◆ **Activity**
All of the data should be restated word for word, with the pictures omitted.

◆ **Given records**

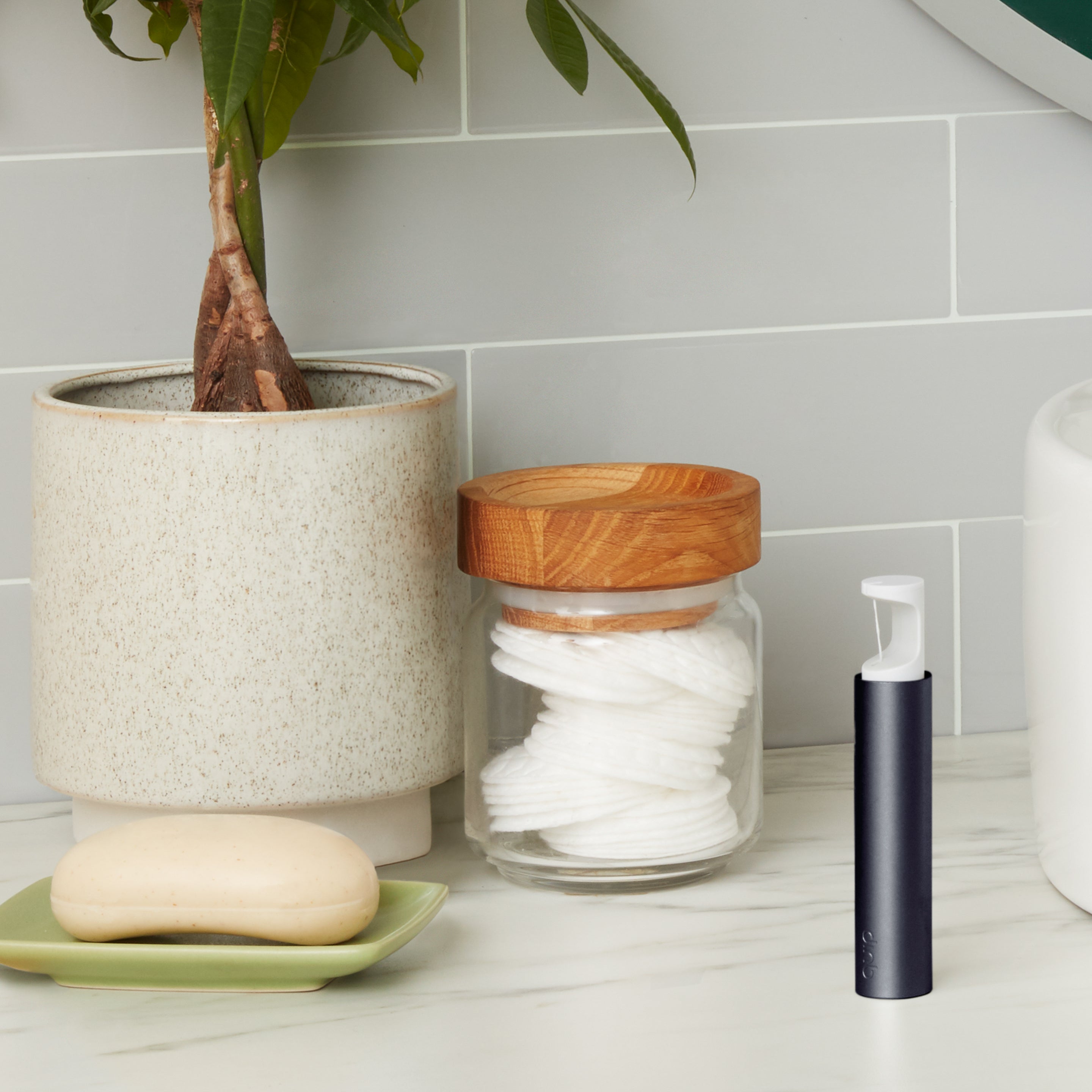 A sleek navy sliding floss dispenser standing upright on a bathroom countertop next to a potted plant, a jar of cotton pads with a wooden lid, and a soap dish.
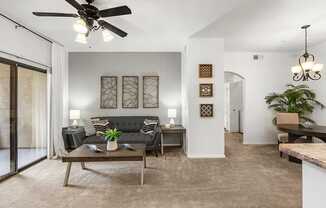 A living room with a black couch and a ceiling fan.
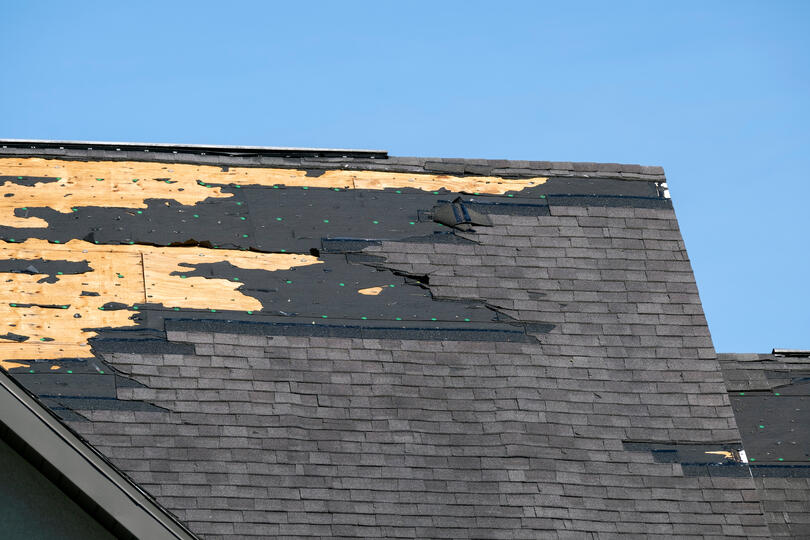 missing shingles-large portion of dark gray shingled roof is missing shingles and other roofing materials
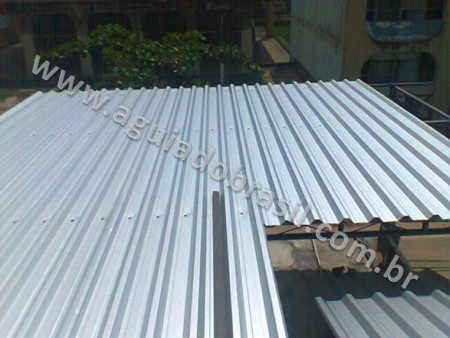 VISTA SUPERIOR DE COBERTURA DE TERRAÇO RESIDENCIAL, FASE DE FIXAÇÃO DE TELHAS, NOTE QUE SÃO APARAFUSADAS EM TODOS OS GOMOS DA TELHA DE AÇO GALVALUME.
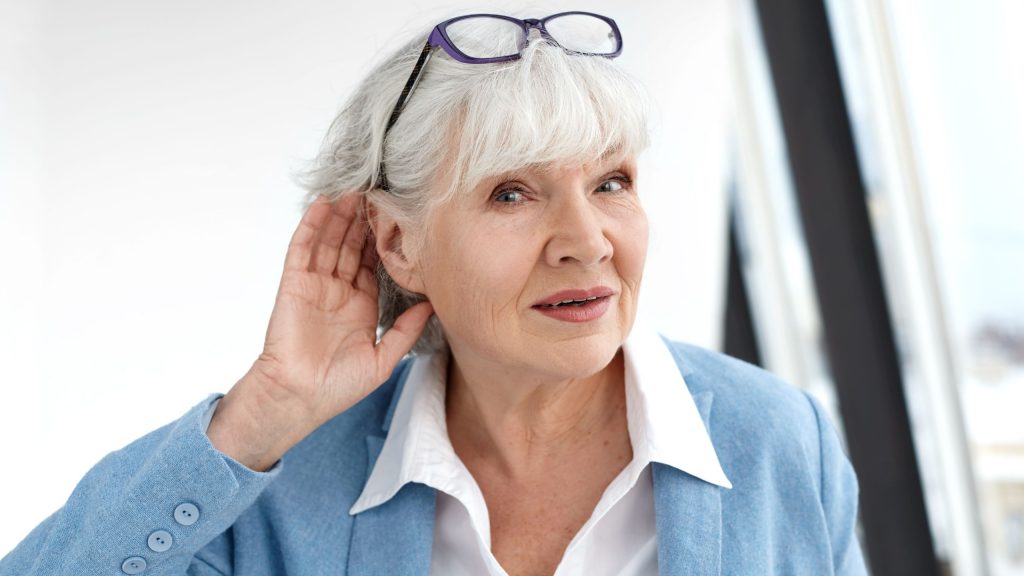 Elderly woman putting a hand behind her ear to hear better.
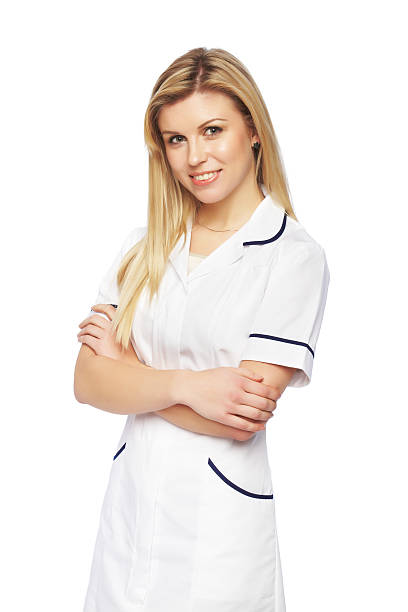 istock Pretty young nurse standing on white with folded hands 185114857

◆ **Result of this exercise**
 A sleek navy sliding floss dispenser standing upright on a bathroom countertop next to a potted plant, a jar of cotton pads with a wooden lid, and a soap dish.
 A living room with a black couch and a ceiling fan.
 missing shingles-large portion of dark gray shingled roof is missing shingles and other roofing materials
 VISTA SUPERIOR DE COBERTURA DE TERRAÇO RESIDENCIAL, FASE DE FIXAÇÃO DE TELHAS, NOTE QUE SÃO APARAFUSADAS EM TODOS OS GOMOS DA TELHA DE AÇO GALVALUME.
 Elderly woman putting a hand behind her ear to hear better.
 istock Pretty young nurse standing on white with folded hands 185114857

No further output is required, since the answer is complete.